(Caption-style text data)
=== Begin Enclosure ===

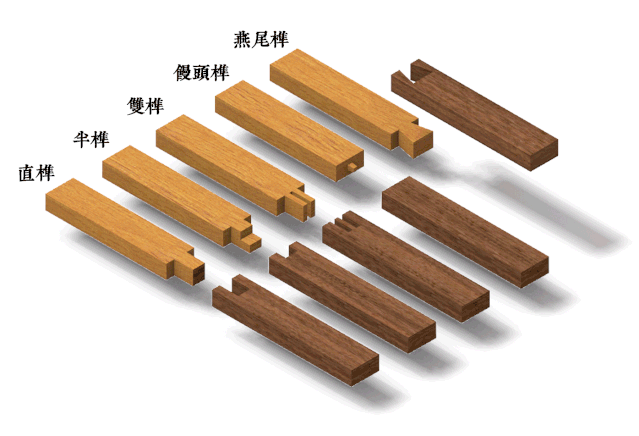 沒有鋼筋混凝土，古代的高樓大廈是怎麽建起來的？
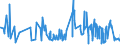 KN 56039110 /Exporte /Einheit = Preise (Euro/Tonne) /Partnerland: Tunesien /Meldeland: Eur27_2020 /56039110: Vliesstoffe, Bestrichen Oder Ã¼berzogen, A.n.g., mit Einem Gewicht von <= 25 G/mÂ² (Ausg. aus Synthetischen Oder KÃ¼nstlichen FilamentVliesstoffe, Bestrichen Oder Ã¼berzogen, A.n.g., mit Einem Gewicht von <= 25 G/mÂ² (Ausg. aus Synthetischen Oder KÃ¼nstlichen Filamenten)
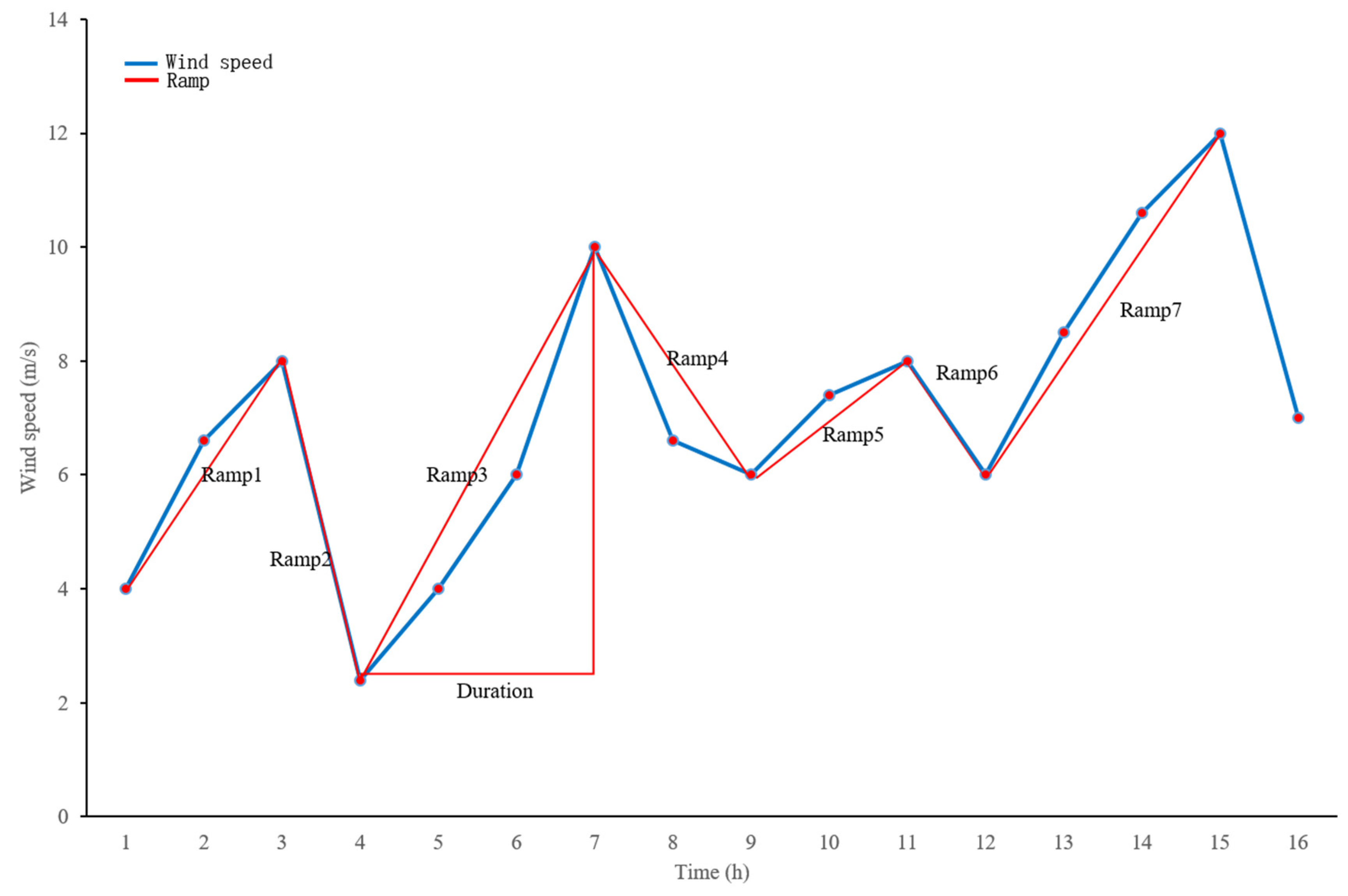 Energies 16 07250 g004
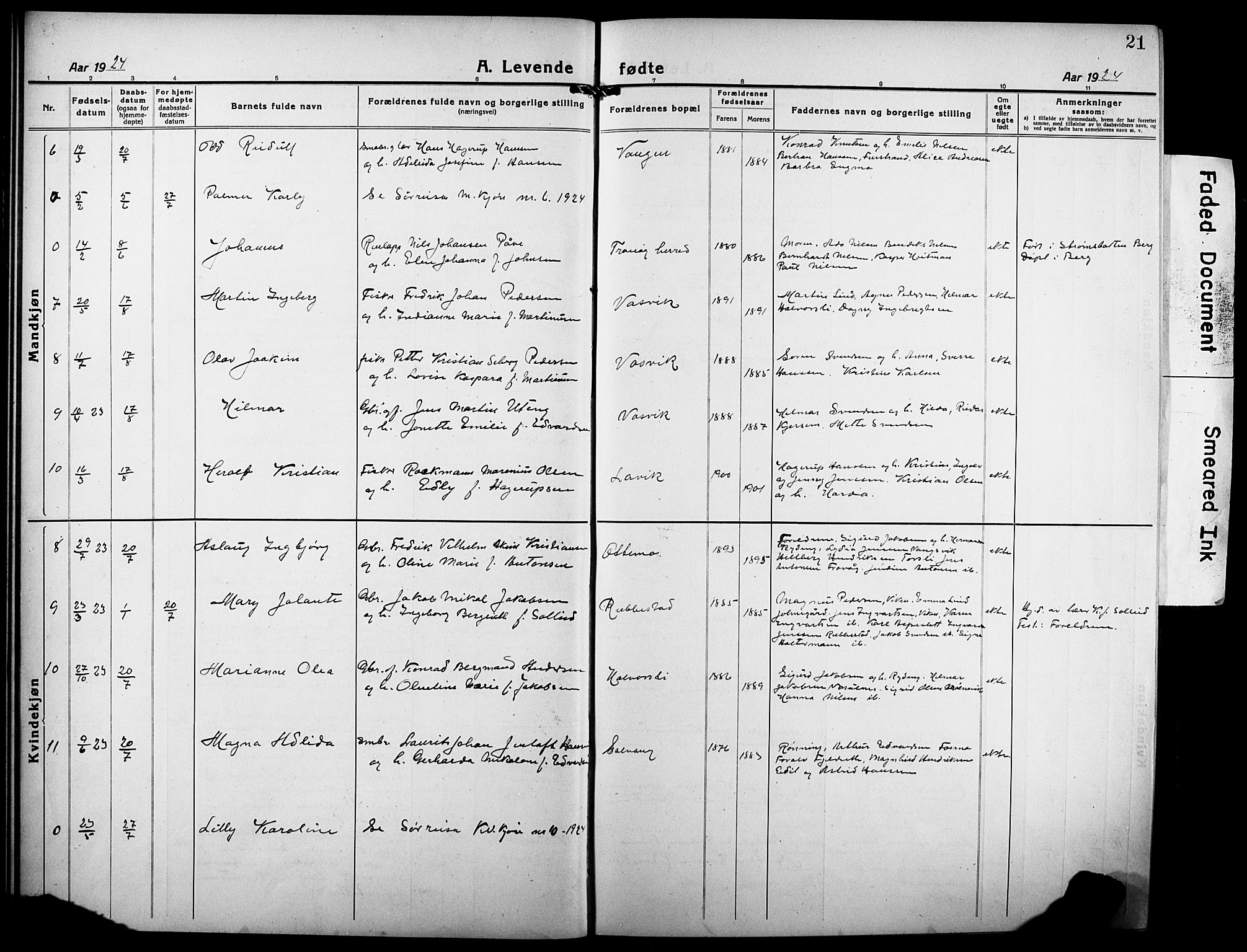 Tranøy sokneprestkontor, AV/SATØ-S-1313/I/Ia/Iab/L0006klokker: Parish register (copy) no. 6, 1919-1932, p. 21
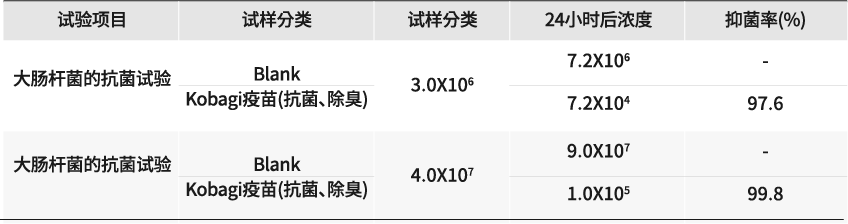 표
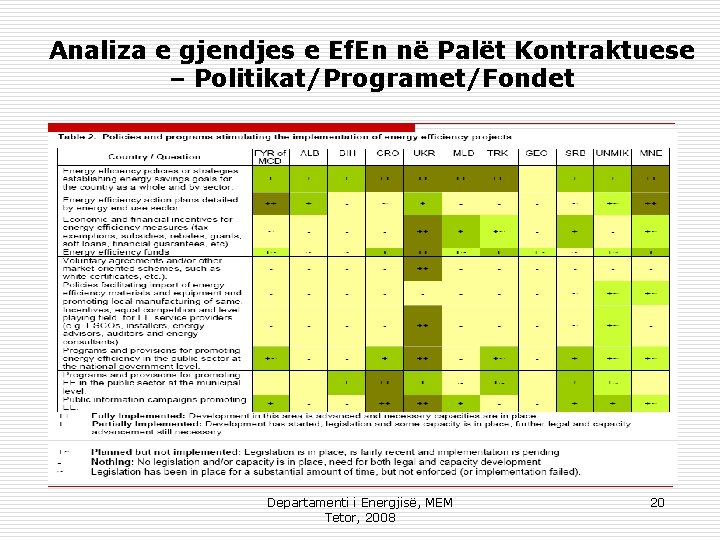 Analiza e gjendjes e Ef. En në Palët Kontraktuese – Politikat/Programet/Fondet Departamenti i Energjisë,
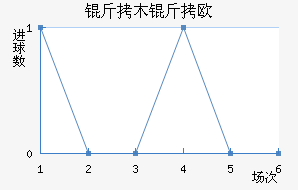 ��ľ��ŷ��������������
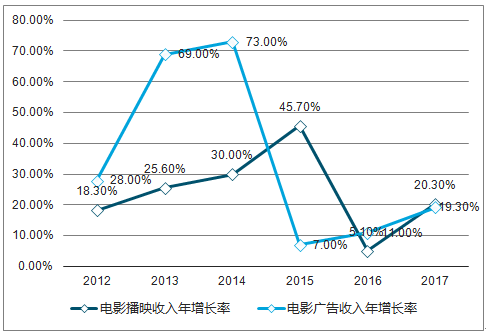 2025香港最新开奖结果查询走势图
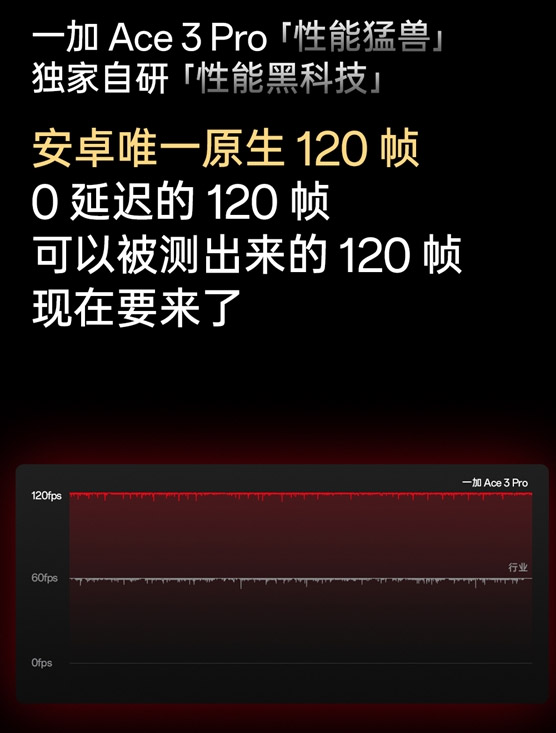 OnePlus Ace 3 Pro中国发布：售约RM2077起！ 5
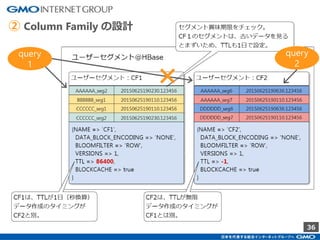 36
query
1
query
2
② Column Family の設計
 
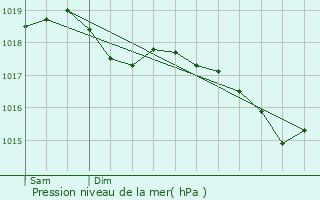 Graphe de la pression atmosphrique prvue pour Germfontaine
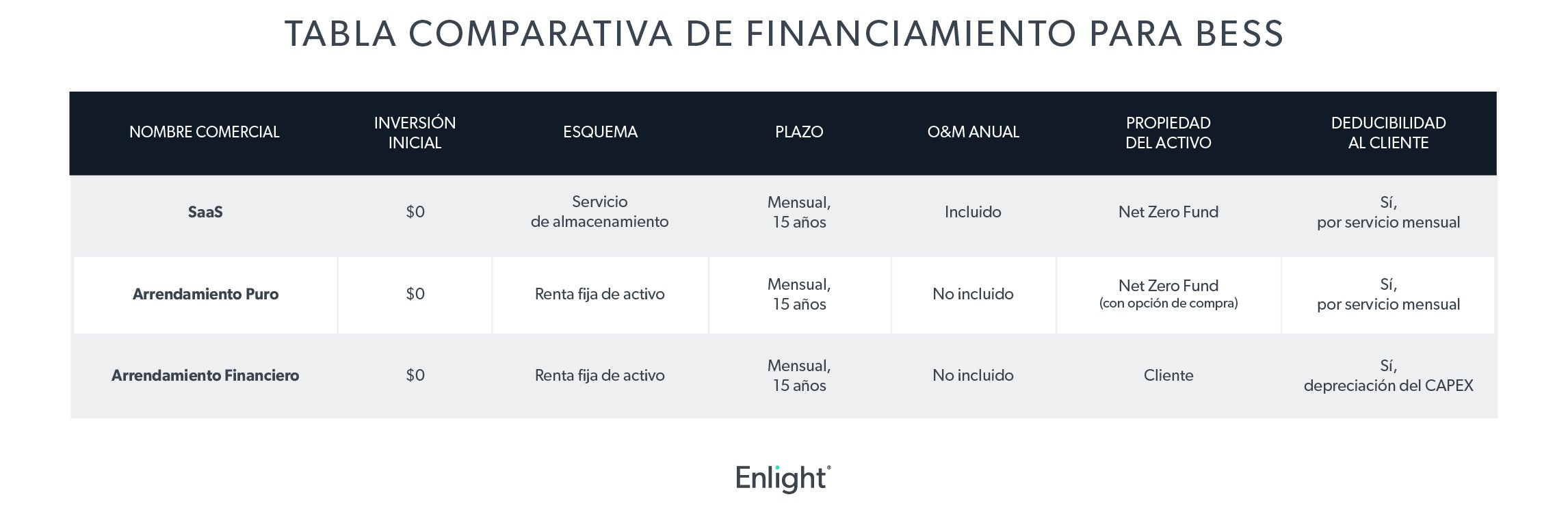 tabla_comparativa_opciones_de_financiamiento_para_almacenamiento_de_energia
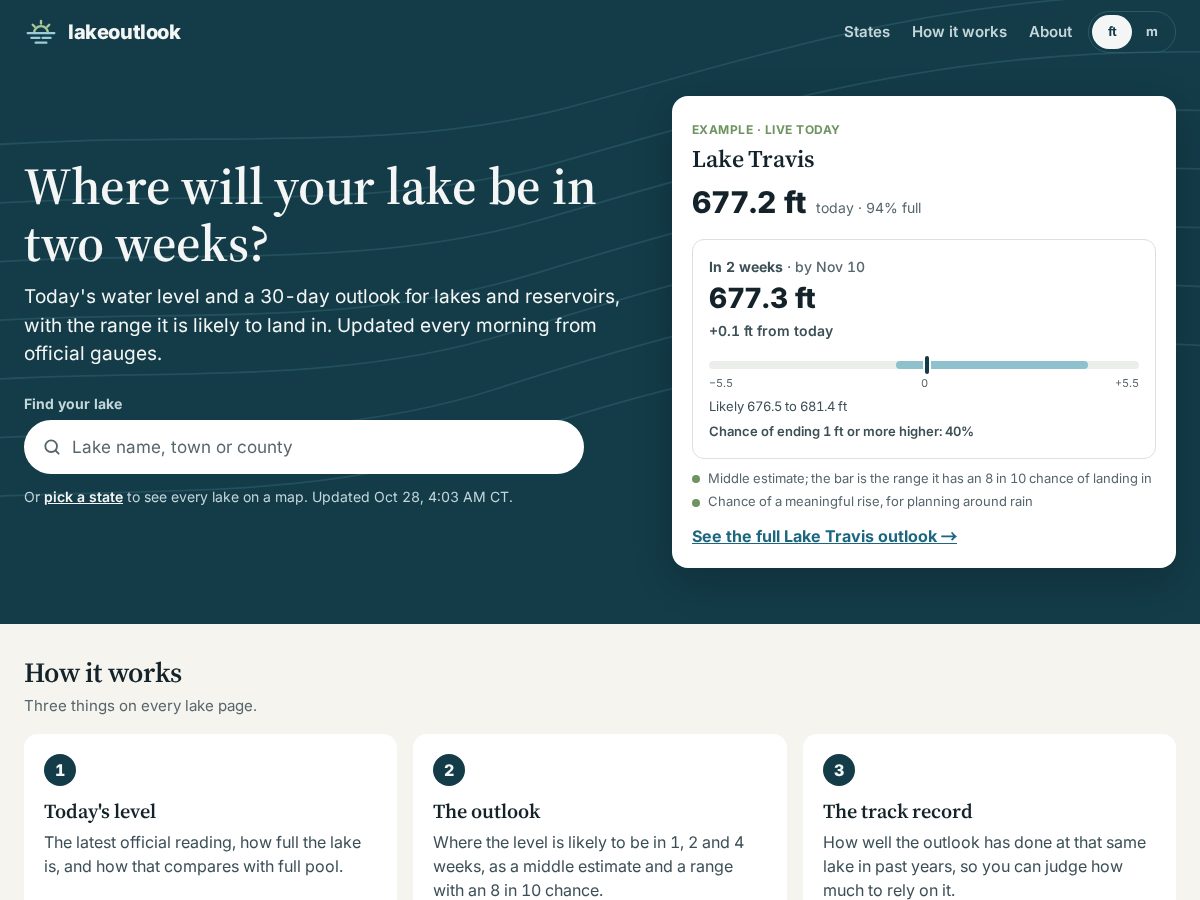 Landing-page snapshot of lakeoutlook.com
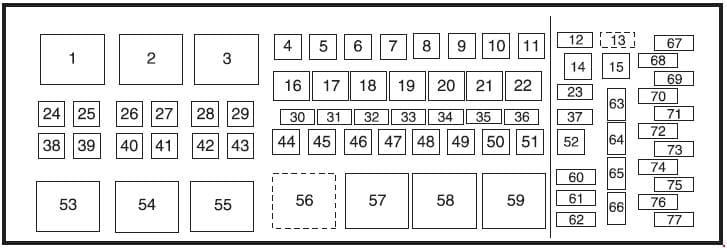 Ford F-250 - fuse box diagram - engine compartment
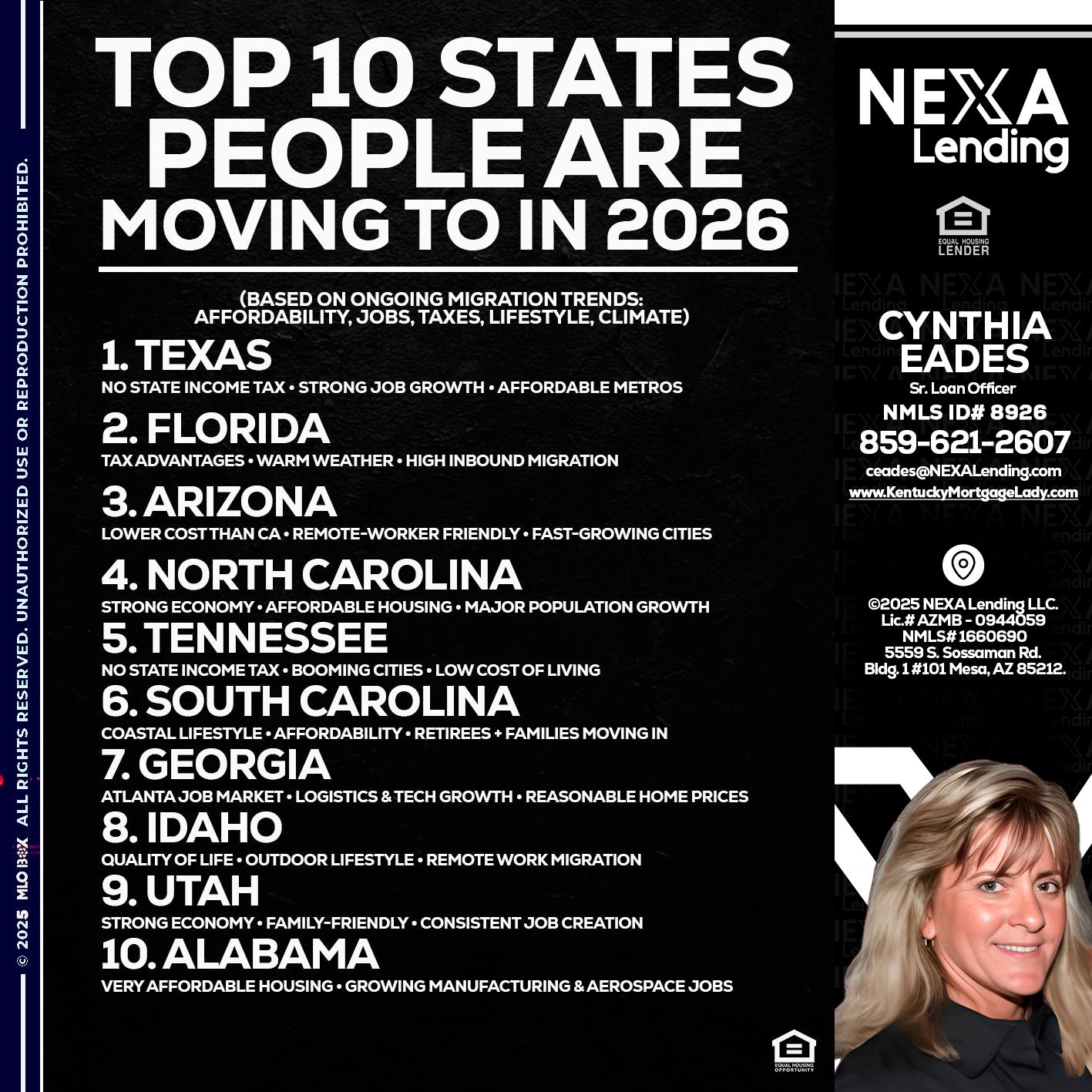 top 10 - Cynthia Eades -Sr. Loan Officer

=== End Enclosure ===

• [About this task] The required output is the lines from the one containing "Analiza e gjendjes" through the end of the records above, reproduced exactly, with no pictures.

• [Response to the exercise]
 Analiza e gjendjes e Ef. En në Palët Kontraktuese – Politikat/Programet/Fondet Departamenti i Energjisë,
 ��ľ��ŷ��������������
 2025香港最新开奖结果查询走势图
 OnePlus Ace 3 Pro中国发布：售约RM2077起！ 5
 36
query
1
query
2
② Column Family の設計
 
 Graphe de la pression atmosphrique prvue pour Germfontaine
 tabla_comparativa_opciones_de_financiamiento_para_almacenamiento_de_energia
 Landing-page snapshot of lakeoutlook.com
 Ford F-250 - fuse box diagram - engine compartment
 top 10 - Cynthia Eades -Sr. Loan Officer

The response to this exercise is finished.